Local auctions displayed upon entry in a list, which was sorted by All or Recent auctions. I incorporated a calendar to sort by date.
I worked with the data scientist and backend engineers to use machine learning to use previous auction data to forecast which purchases would be successful.
Research
We visited Byrider headquarters to test production builds at local auctions. Field Buyers volunteered to use the build in their daily auctioning activities, and point out successes and challenges. Using my research findings, I simplified the navigation and worked with engineers to combine six separate categories into three distinct lists. Limiting options was critical for success in a fast-paced environment.
We explored ways to facilitate searching, by incporating the. activity bar at the bottom. This allowed the buyers to scan a vehicle identification number (VIN), add auctions and vehicles to a Favorite list, or search by vehicle type.
Version 1 Wires/Mocks
Visual components
I designed device-independent components to reinforce a uniform experience between Byrider employees and supervisors. This allowed them to help each other learn common patterns. I incorporated the brand colors and prioritized the dark mode for use in full sunlight and low visibility.
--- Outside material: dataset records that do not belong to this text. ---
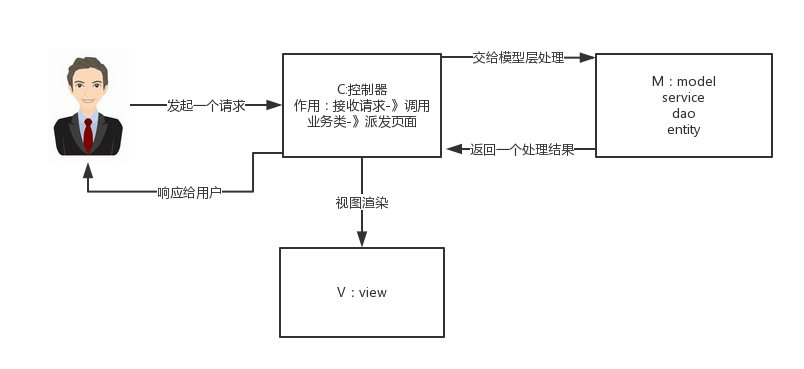 SpringMVC工作原理 - 图2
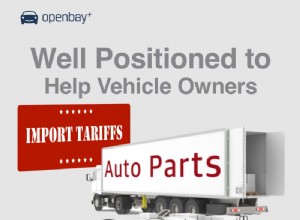 米国の自動車部品関税が上昇 – Openbay が修理費を節約する方法 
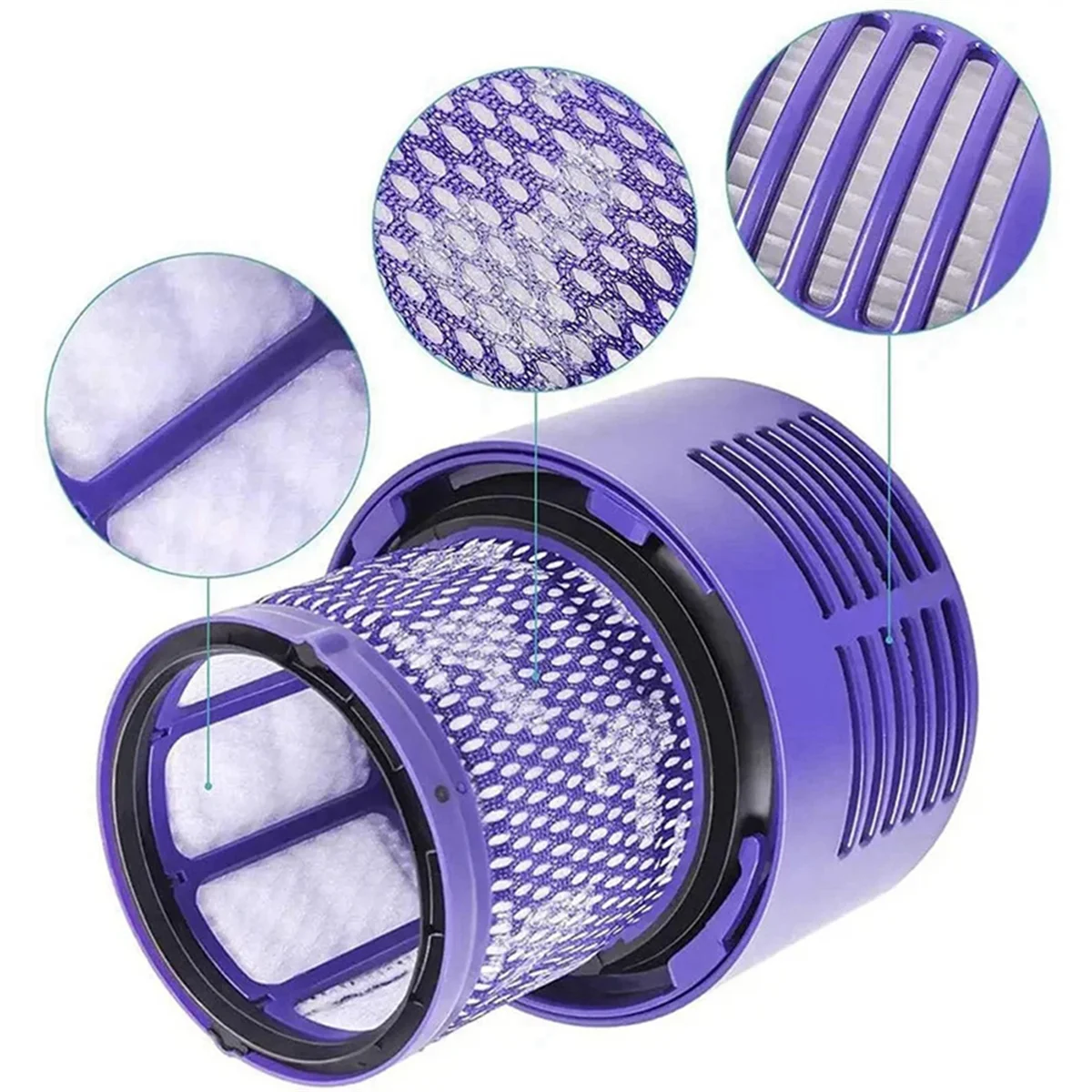 สําหรับ Dyson V10 SV12 เครื่องดูดฝุ่นไร้สายล้างทําความสะอาดได้โพสต์กรองหน้าจอ HEPA FILTER อุปกรณ์เสริม,ร้อน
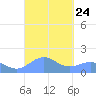 San Juan tide chart for Wednesday, September 24, 2025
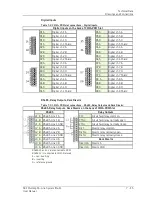 Preview for 291 page of SKF Multilog On-Line System IMx-M User Manual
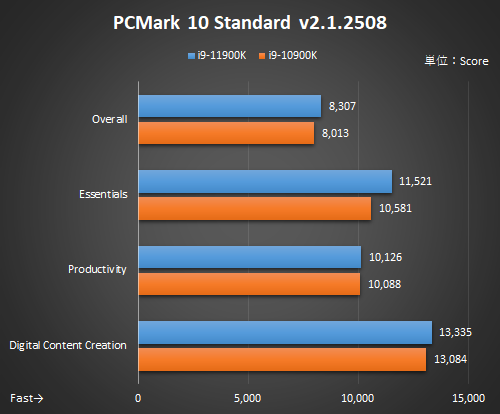 ひ*ン様 【正常動作】intel core i9-11900K マザボ Z590 ひ*ン様 【正常動作】intel core i9-11900K マザボ Z590 graph02.png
Version 2 Mocks: Landing page and Calendar
Version 2 Mocks: Auction detail screen
Results
We launched an enterprise app that directly connected the buyers activity with the store inventory. This resulted in less paperwork and less mistakes made when translating purchases into active inventory.
Incorporating machine learning models provided better predictions for buyers to plan where best to spend their time and efforts.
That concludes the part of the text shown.